> [YOUR ASSIGNMENT]
With the pictures removed, reproduce exactly the lines from the one that contains "Ochrann sada tlumie" through the last line of the entries below.

Stored entries:
■ ■ ■

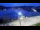 Webcam in Tandil, 620.5 mi away
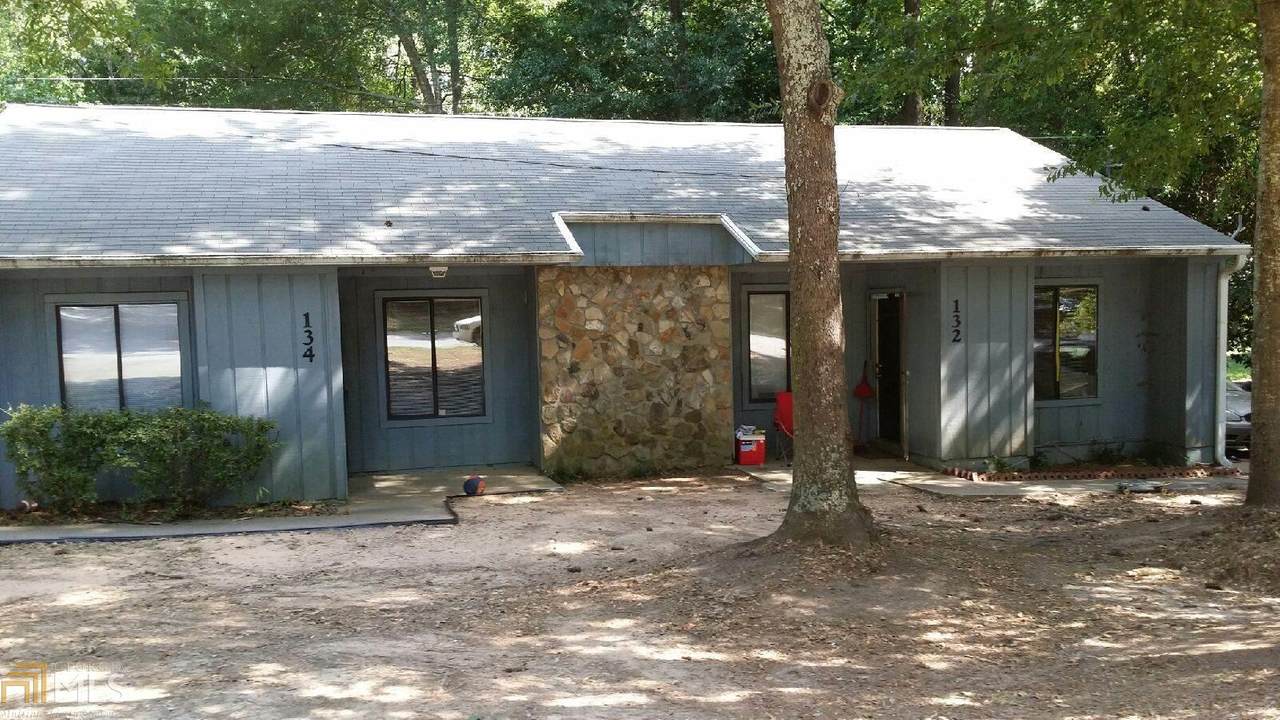 132 Summerwood - Photo 1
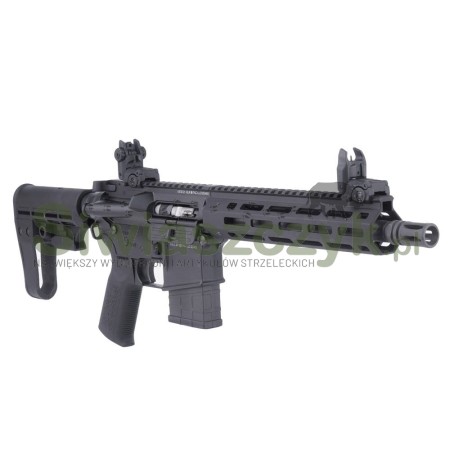 Karabinek TIPPMANN M4-22 Elite Pistol 11" kal.22lr-118131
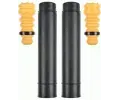 Ochrann sada tlumie provn proti prachu SACHS ‐ SA 900302
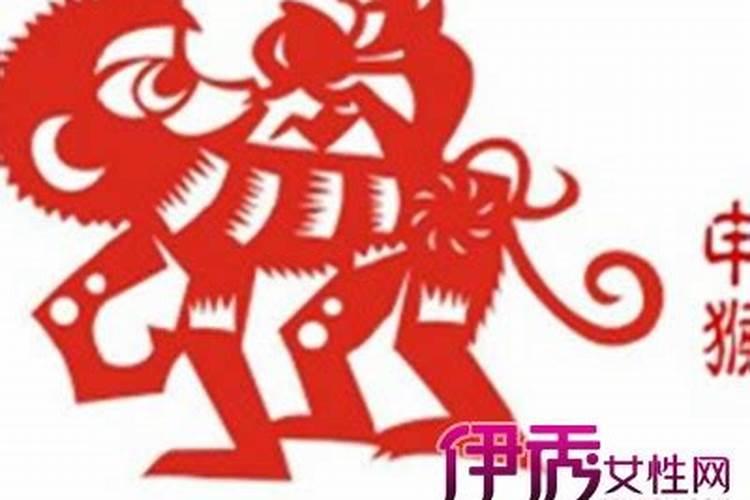 正月初一为什么祭拜亲人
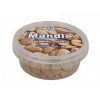 Mandle pražené solené kelímek malý 170 g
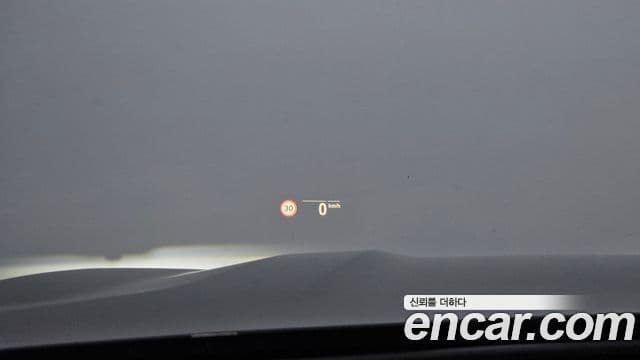 BMW X7 (G07) xDrive 40i Design Pure Excellence 7인승, 2022 15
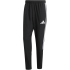 adidas Tiro 26 League Präsentationshose Herren...
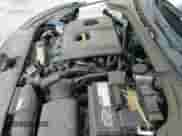 2019 Hyundai Veloster 2.0 with VIN KMHTG6AF7KU006691, listed as a IAAI auction lot 42792330 with 41,825 mi miles and . Bid and sale history available at DreamBid. Image 19.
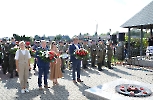 86 rocznica bitwy pod Kałuszynem - 2025_23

■ ■ ■

> [WORKED SOLUTION]
 Ochrann sada tlumie provn proti prachu SACHS ‐ SA 900302
 正月初一为什么祭拜亲人
 Mandle pražené solené kelímek malý 170 g
 BMW X7 (G07) xDrive 40i Design Pure Excellence 7인승, 2022 15
 adidas Tiro 26 League Präsentationshose Herren...
 2019 Hyundai Veloster 2.0 with VIN KMHTG6AF7KU006691, listed as a IAAI auction lot 42792330 with 41,825 mi miles and . Bid and sale history available at DreamBid. Image 19.
 86 rocznica bitwy pod Kałuszynem - 2025_23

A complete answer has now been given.